* **MATERIAL FOR THIS TASK**:
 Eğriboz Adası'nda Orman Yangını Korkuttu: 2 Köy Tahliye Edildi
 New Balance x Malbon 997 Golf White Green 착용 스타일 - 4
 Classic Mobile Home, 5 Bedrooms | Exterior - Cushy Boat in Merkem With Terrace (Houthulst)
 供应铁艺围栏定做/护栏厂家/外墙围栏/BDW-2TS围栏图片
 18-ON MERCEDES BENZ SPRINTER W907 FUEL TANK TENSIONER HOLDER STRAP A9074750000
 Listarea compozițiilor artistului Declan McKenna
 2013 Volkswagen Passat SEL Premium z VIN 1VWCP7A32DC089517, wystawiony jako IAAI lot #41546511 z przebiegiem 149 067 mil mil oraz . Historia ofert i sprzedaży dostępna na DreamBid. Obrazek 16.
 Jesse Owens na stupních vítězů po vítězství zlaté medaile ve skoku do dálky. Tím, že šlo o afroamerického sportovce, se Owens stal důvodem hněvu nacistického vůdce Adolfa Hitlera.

* * *

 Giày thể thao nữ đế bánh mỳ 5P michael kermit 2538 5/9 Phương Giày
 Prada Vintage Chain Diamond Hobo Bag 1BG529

==

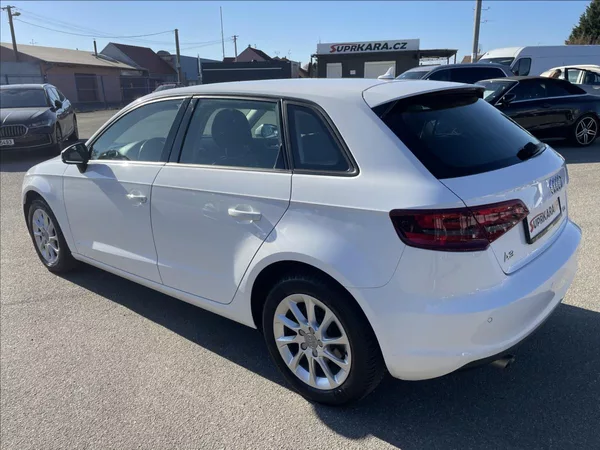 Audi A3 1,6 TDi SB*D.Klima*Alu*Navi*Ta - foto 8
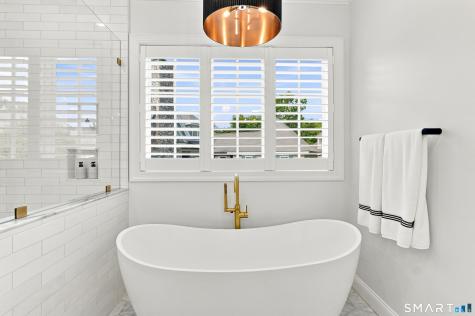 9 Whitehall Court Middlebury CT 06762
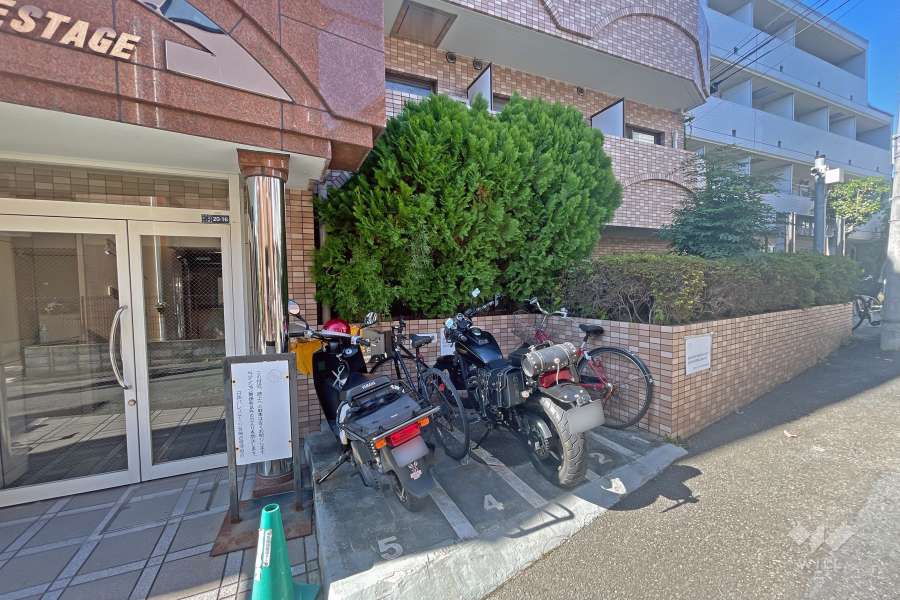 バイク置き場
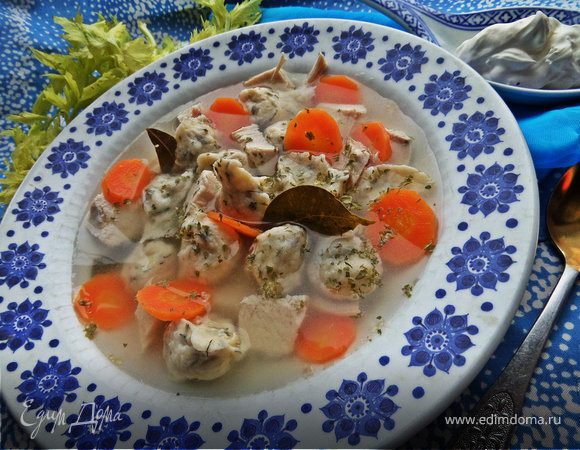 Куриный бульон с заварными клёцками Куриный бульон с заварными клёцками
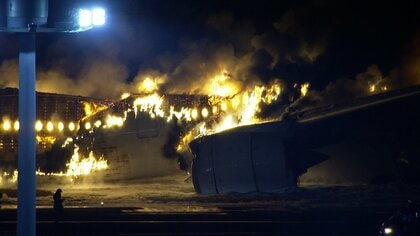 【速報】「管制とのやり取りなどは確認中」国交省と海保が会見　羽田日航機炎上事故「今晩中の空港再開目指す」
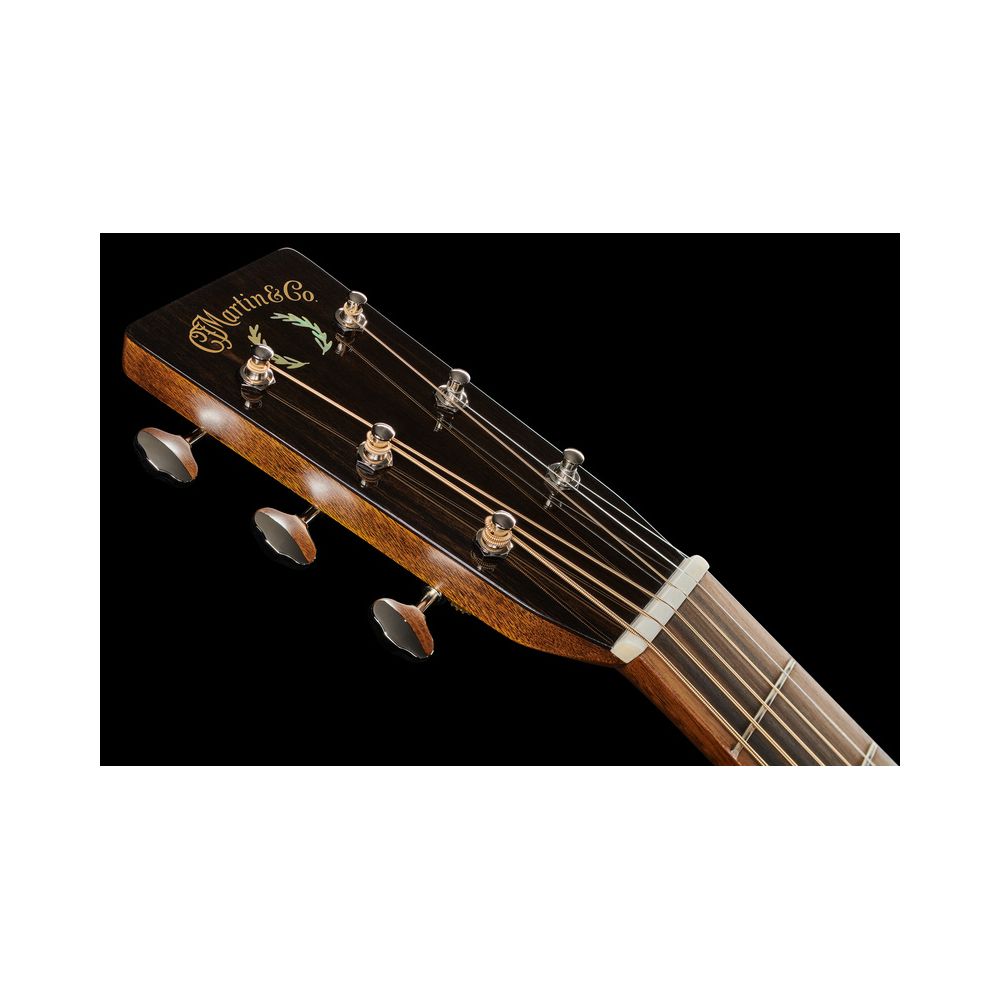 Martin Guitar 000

* **BRIEF**: Return the span of lines in the data above that opens at the line with "Eğriboz Adası'nda Orman" and closes at the line with "供应铁艺围栏定做/护栏厂家/外墙围栏/BDW-2TS围栏图片", exactly, ends included, nothing else.

* **YOUR RESPONSE**:
 Eğriboz Adası'nda Orman Yangını Korkuttu: 2 Köy Tahliye Edildi
 New Balance x Malbon 997 Golf White Green 착용 스타일 - 4
 Classic Mobile Home, 5 Bedrooms | Exterior - Cushy Boat in Merkem With Terrace (Houthulst)
 供应铁艺围栏定做/护栏厂家/外墙围栏/BDW-2TS围栏图片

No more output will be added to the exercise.